Materials provided:
******************************
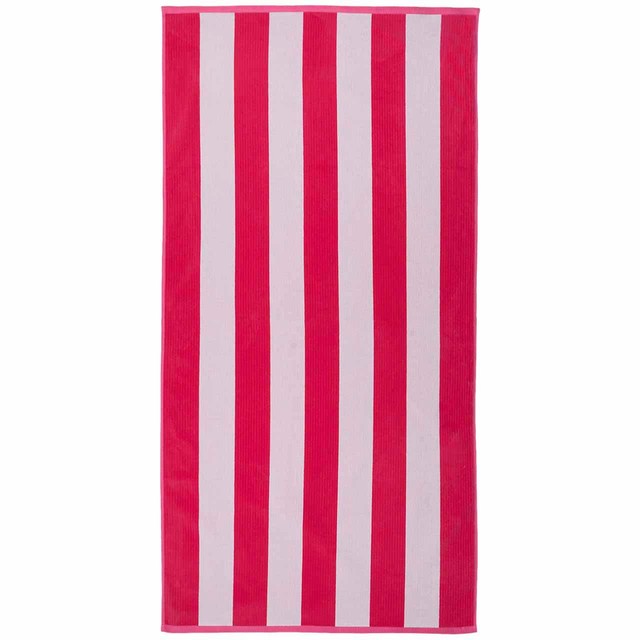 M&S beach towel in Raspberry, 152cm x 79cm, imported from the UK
******************************
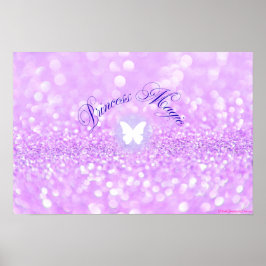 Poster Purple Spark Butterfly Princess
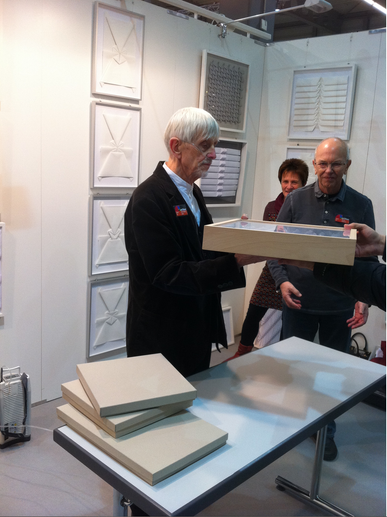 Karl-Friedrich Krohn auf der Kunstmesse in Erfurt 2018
******************************
Directions for this task: Go back to the lines above and output, exactly as they stand, the ones from the line containing "Poster Purple Spark Butterfly Princess" to the line containing "Karl-Friedrich Krohn auf". Leave all pictures behind.

Response for this exercise:
 Poster Purple Spark Butterfly Princess
 Karl-Friedrich Krohn auf der Kunstmesse in Erfurt 2018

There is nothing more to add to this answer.